- _ACTIVITY_
The records below must be transcribed exactly.

- _RECORDS SUPPLIED_
____________
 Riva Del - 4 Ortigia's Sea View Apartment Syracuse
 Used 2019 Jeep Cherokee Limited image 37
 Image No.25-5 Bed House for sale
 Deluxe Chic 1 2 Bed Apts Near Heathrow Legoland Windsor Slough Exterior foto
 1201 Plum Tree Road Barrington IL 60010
____________
- _ANSWER AREA_
 Riva Del - 4 Ortigia's Sea View Apartment Syracuse
 Used 2019 Jeep Cherokee Limited image 37
 Image No.25-5 Bed House for sale
 Deluxe Chic 1 2 Bed Apts Near Heathrow Legoland Windsor Slough Exterior foto
 1201 Plum Tree Road Barrington IL 60010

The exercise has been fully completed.